* **PROBLEM DETAILS**: Print, exactly and with no pictures, the line containing "Neuron Writer user Interface" and each line after it to the end of the entries below.

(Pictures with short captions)
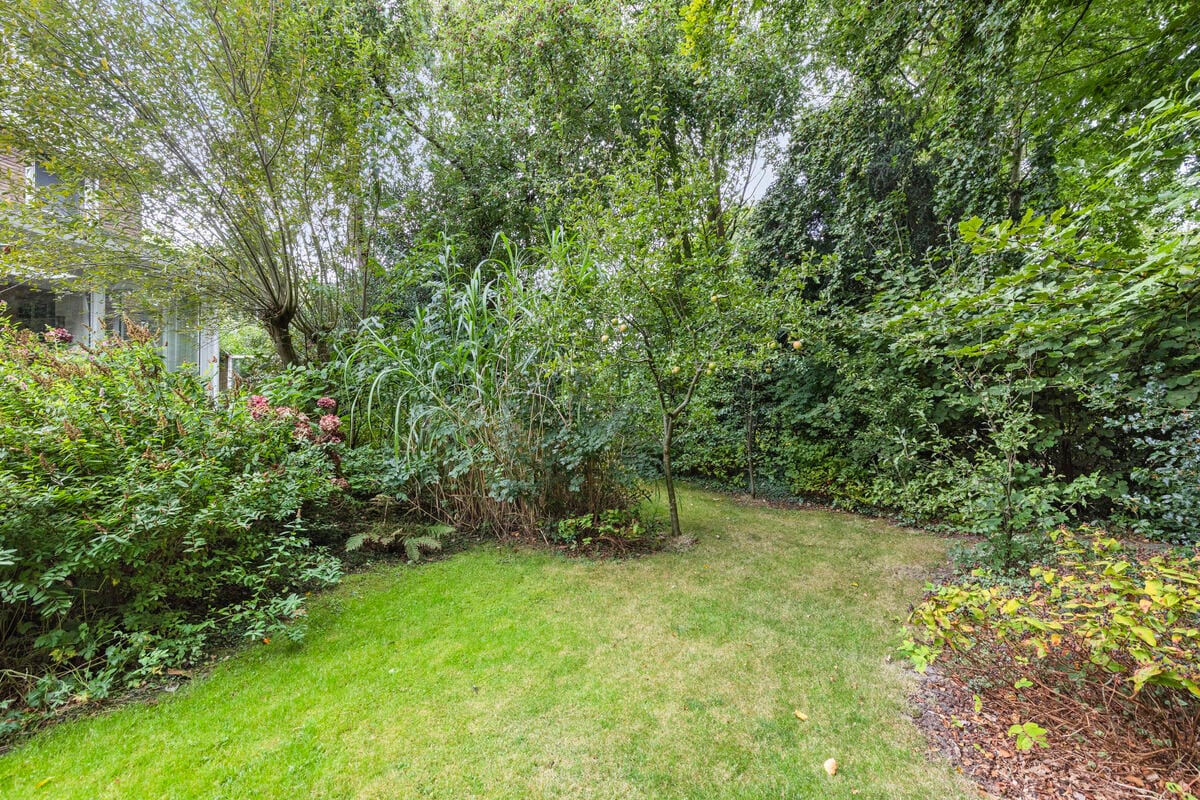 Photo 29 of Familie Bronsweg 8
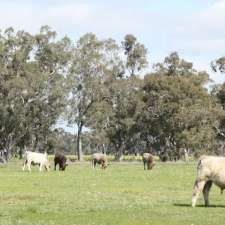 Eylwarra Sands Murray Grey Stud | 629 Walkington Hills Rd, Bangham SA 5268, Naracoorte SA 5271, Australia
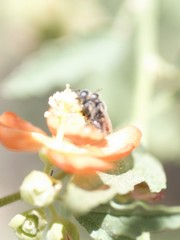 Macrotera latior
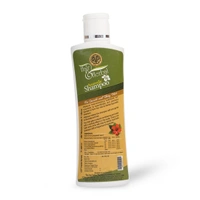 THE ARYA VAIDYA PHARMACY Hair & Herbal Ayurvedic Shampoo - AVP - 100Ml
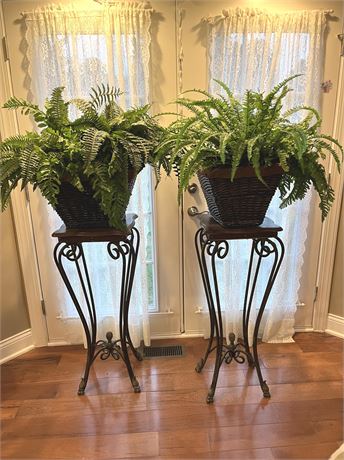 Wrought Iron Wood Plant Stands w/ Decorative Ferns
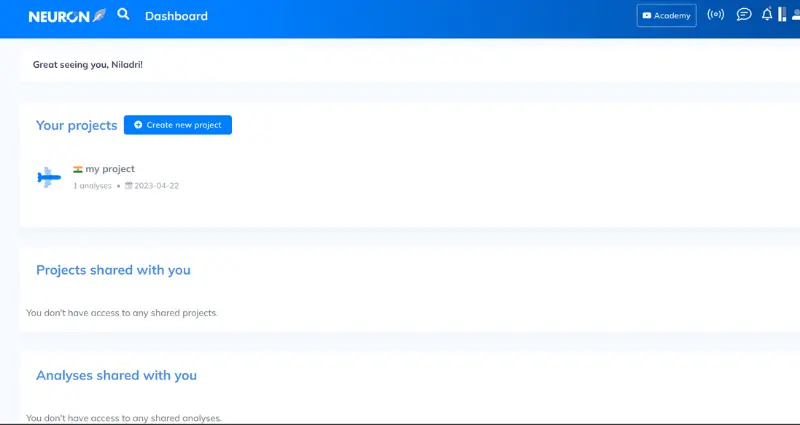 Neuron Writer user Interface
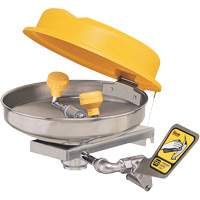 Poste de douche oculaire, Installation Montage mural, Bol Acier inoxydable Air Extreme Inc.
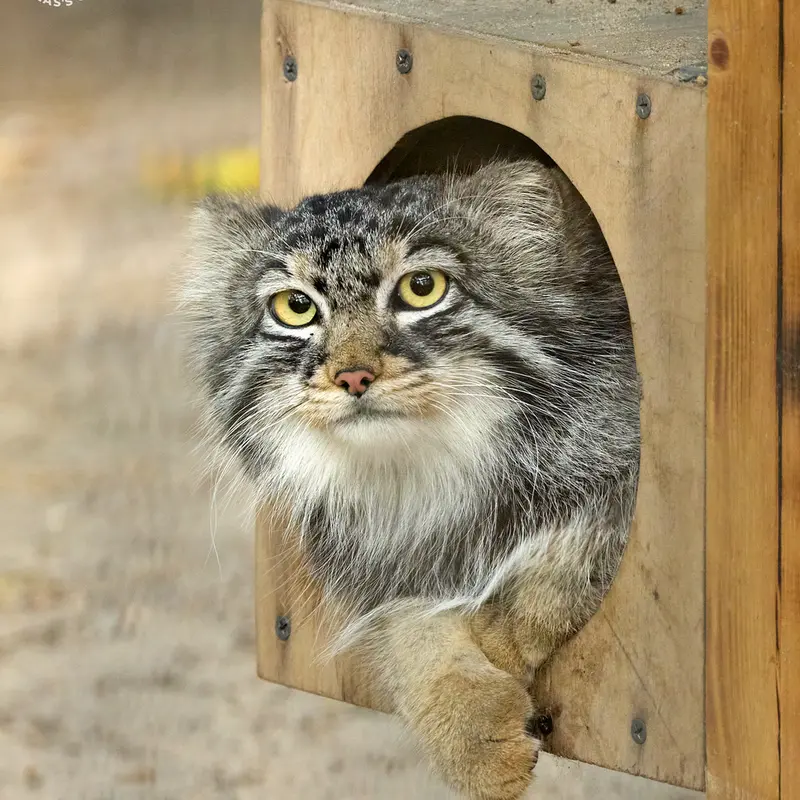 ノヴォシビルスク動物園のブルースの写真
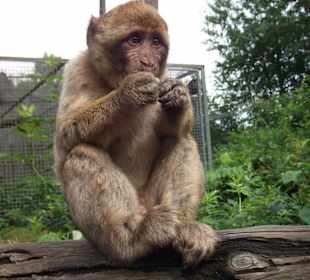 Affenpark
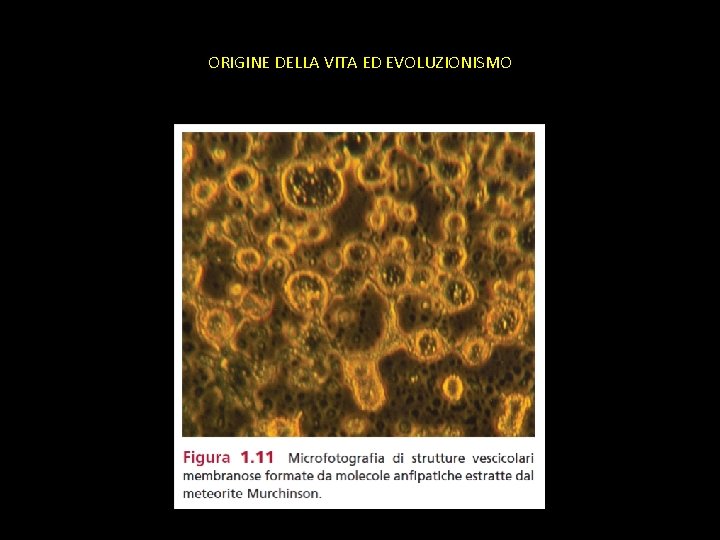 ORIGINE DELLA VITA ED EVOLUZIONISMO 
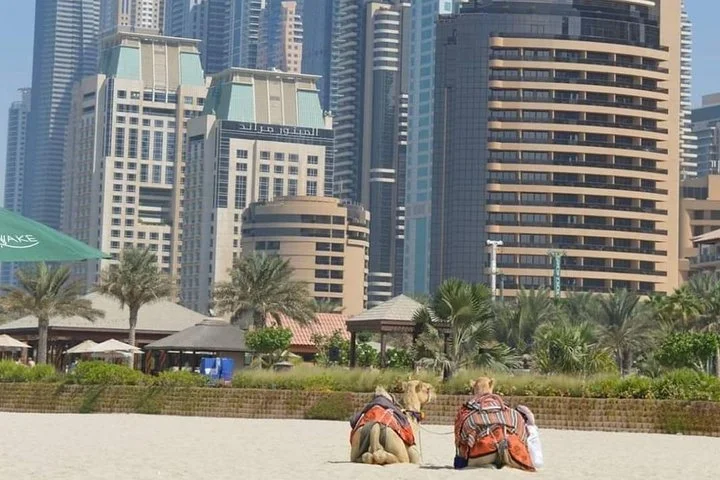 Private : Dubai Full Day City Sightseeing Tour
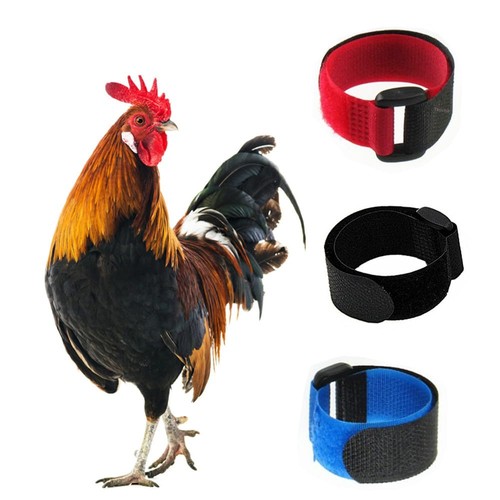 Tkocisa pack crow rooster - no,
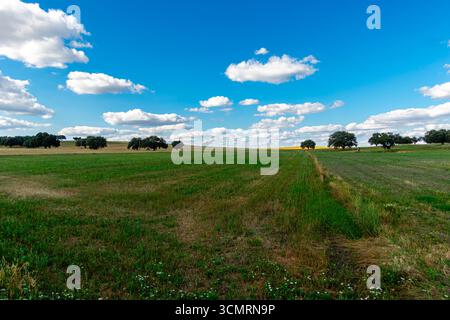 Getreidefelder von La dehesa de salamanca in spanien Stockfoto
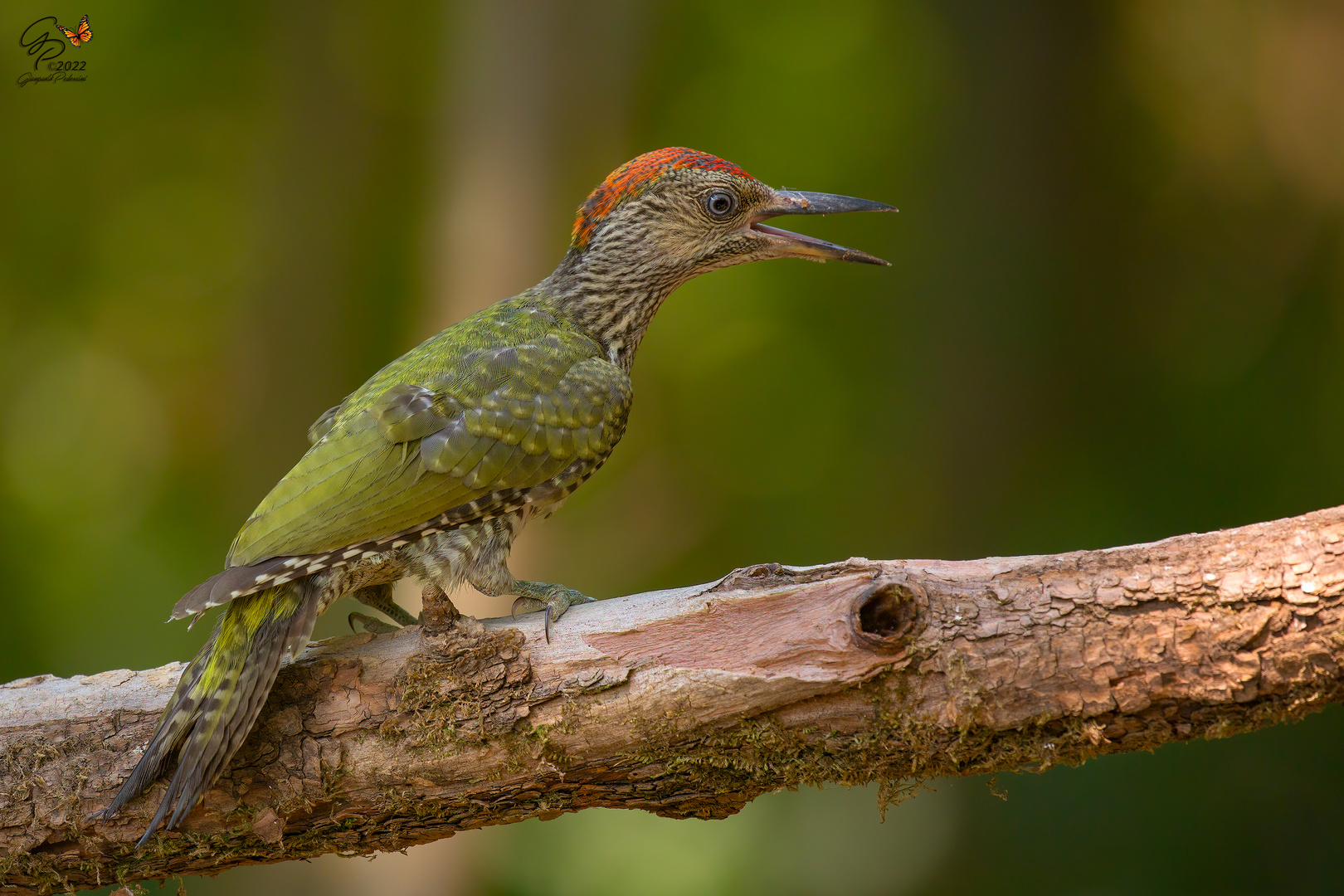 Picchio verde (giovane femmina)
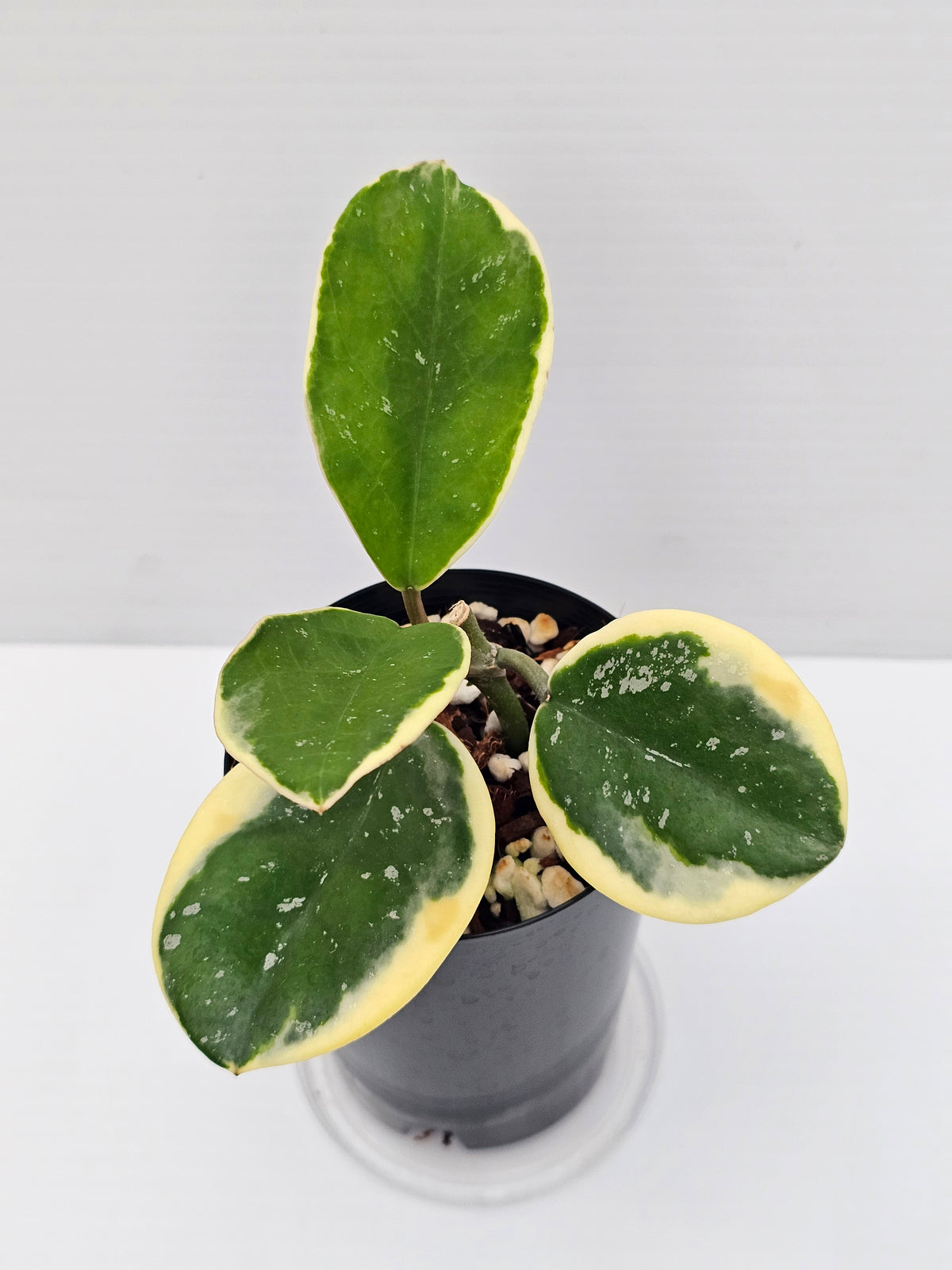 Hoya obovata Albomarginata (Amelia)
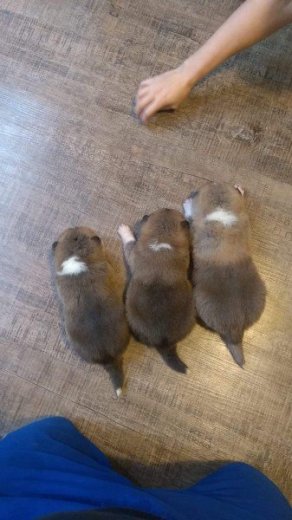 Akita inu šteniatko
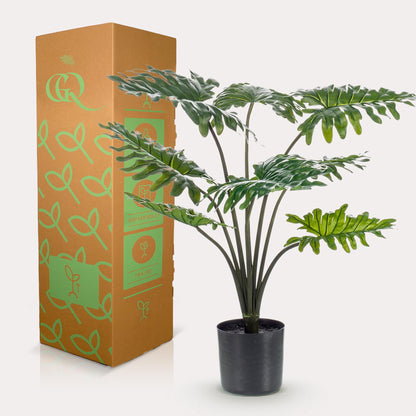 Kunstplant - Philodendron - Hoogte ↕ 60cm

* **TASK SOLUTION**:
 Neuron Writer user Interface
 Poste de douche oculaire, Installation Montage mural, Bol Acier inoxydable Air Extreme Inc.
 ノヴォシビルスク動物園のブルースの写真
 Affenpark
 ORIGINE DELLA VITA ED EVOLUZIONISMO 
 Private : Dubai Full Day City Sightseeing Tour
 Tkocisa pack crow rooster - no,
 Getreidefelder von La dehesa de salamanca in spanien Stockfoto
 Picchio verde (giovane femmina)
 Hoya obovata Albomarginata (Amelia)
 Akita inu šteniatko
 Kunstplant - Philodendron - Hoogte ↕ 60cm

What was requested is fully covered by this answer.